Three self-described “water protectors” are still in a Wisconsin jail after being arrested Tuesday for protesting an oil pipeline. The protesters temporarily stopped construction of what’s known as Line 3, the oil pipeline Enbridge Energy wants to build across northern Minnesota.
It would replace an existing 50-year-old line that’s still under regulatory review in Minnesota, but the company has already started work across the border.
Alexander Good-Cane-Milk of the Yankton Sioux Tribe in South Dakota was among the protesters. He locked himself to a piece of heavy equipment just across the Minnesota border, south of Superior, Wis., according to his girlfriend Ta’Sina Sapa Win.
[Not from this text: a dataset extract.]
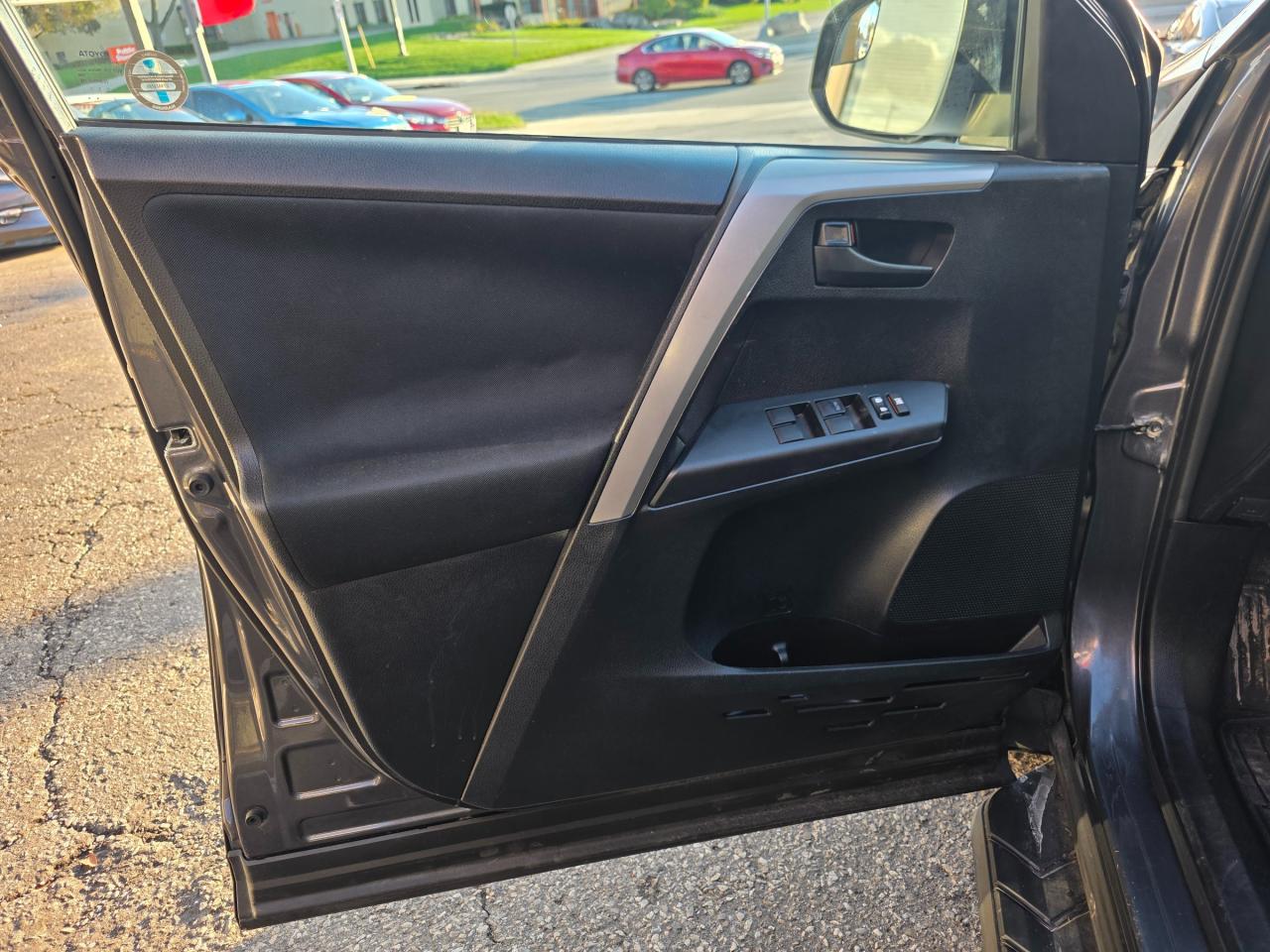 2017 Toyota RAV4 **SALE PENDING** Photo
She said Good-Cane-Milk wanted to make a sacrifice. They met while protesting the Dakota Access pipeline near the Standing Rock Sioux Reservation last year. They recently came to Minnesota to protest Line 3.
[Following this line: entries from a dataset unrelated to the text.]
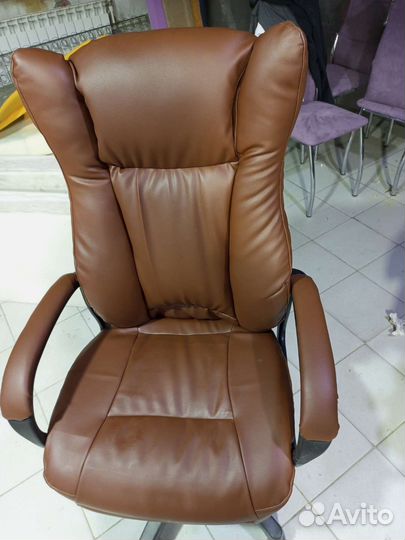 Перетяжка обивка стульев кресел кроватей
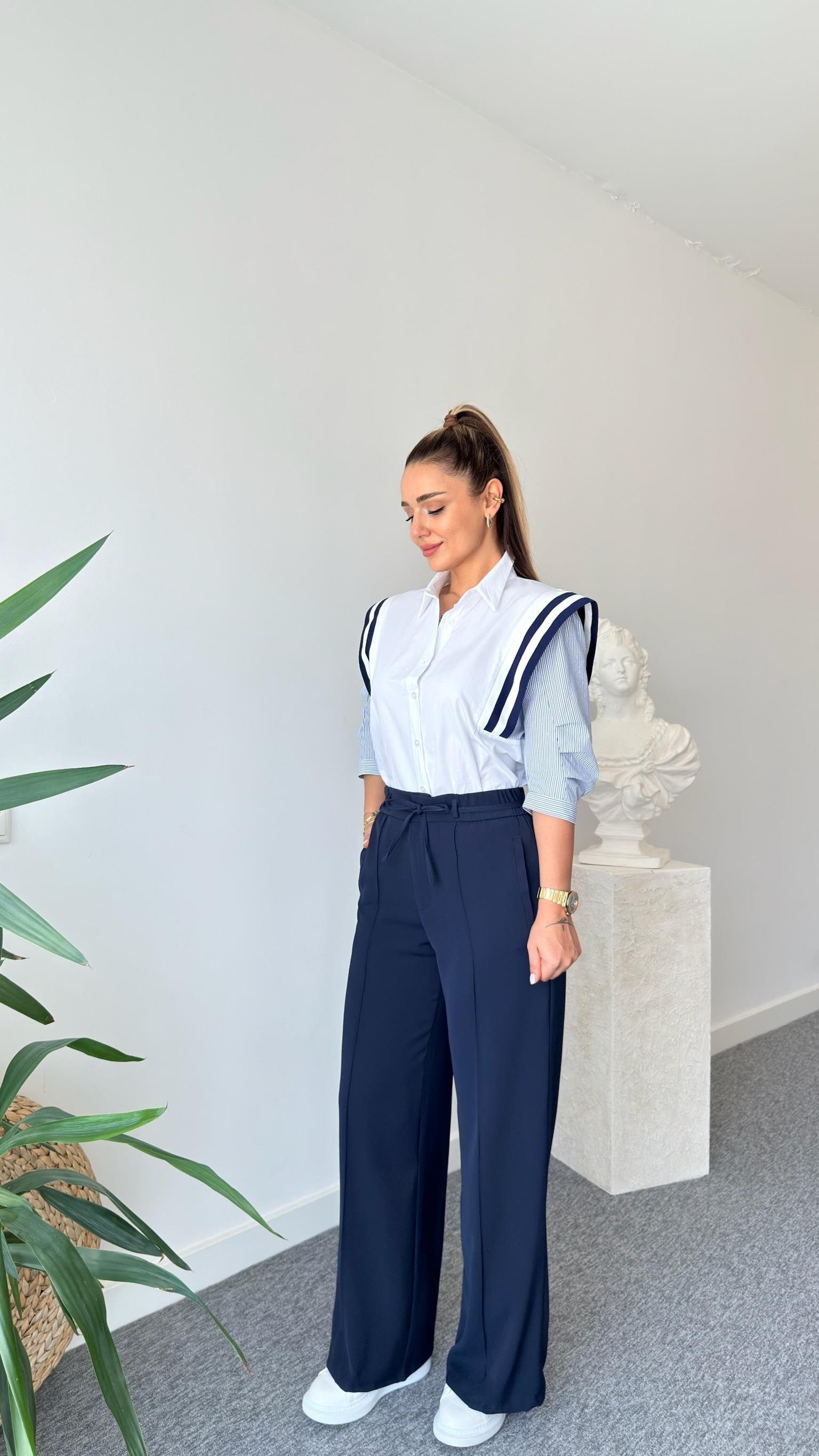 Pref Ribanalı Beyaz Gömlek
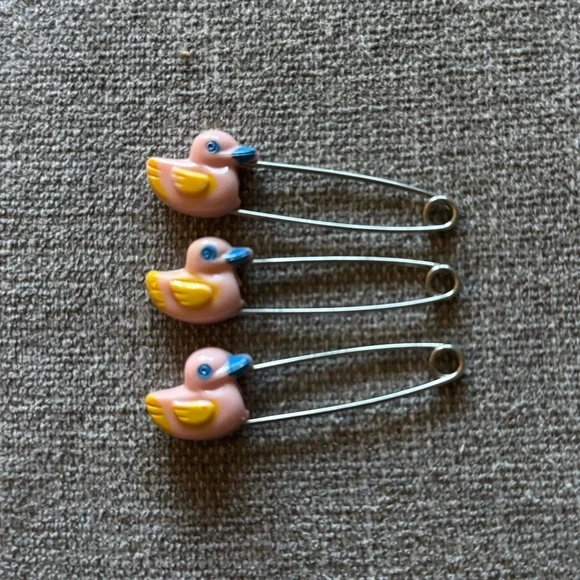 Vintage baby diaper babies Duck Design Safety Pins for Kids - Pink and Yellow‎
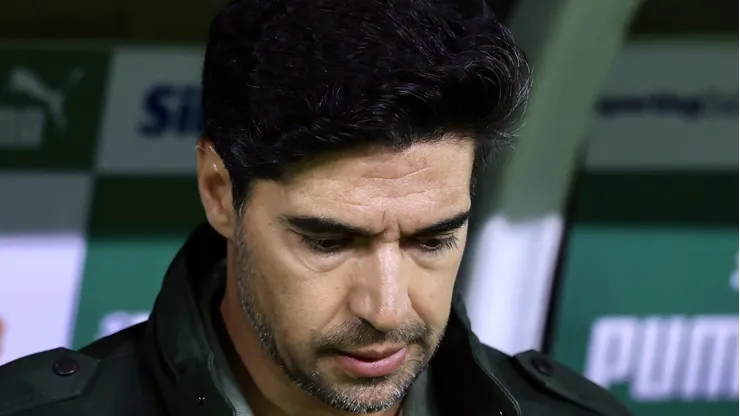 Abel Ferreira, técnico do Palmeiras, durante partida contra o Gremio no estadio Arena Allianz Parque pelo campeonato Brasileiro A 2025. Foto: Marcello Zambrana/AGIF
“Why did I want to come to Minnesota? Because our Ojibwe relatives helped stand for our fight against Dakota Access pipeline, and I’m going to stand with them in their fight,” she said.
The activists streamed the event live on Facebook.
Douglas County Sheriff Tom Dalbec said this is the third time the protesters have gone to Enbridge work sites in the past nine days. He says he warned them Monday they would be arrested if they trespassed a third time.
“Less than 24 hours later, there they are, walking out on the worksites, chaining themselves to heavy equipment and what not, so we enforced the law and started arresting them,” he said.
Three of those arrested are from Cloquet, one is from South Dakota, one from Saskatchewan, and one from Ann Arbor, Mich. Three have since been released on bail.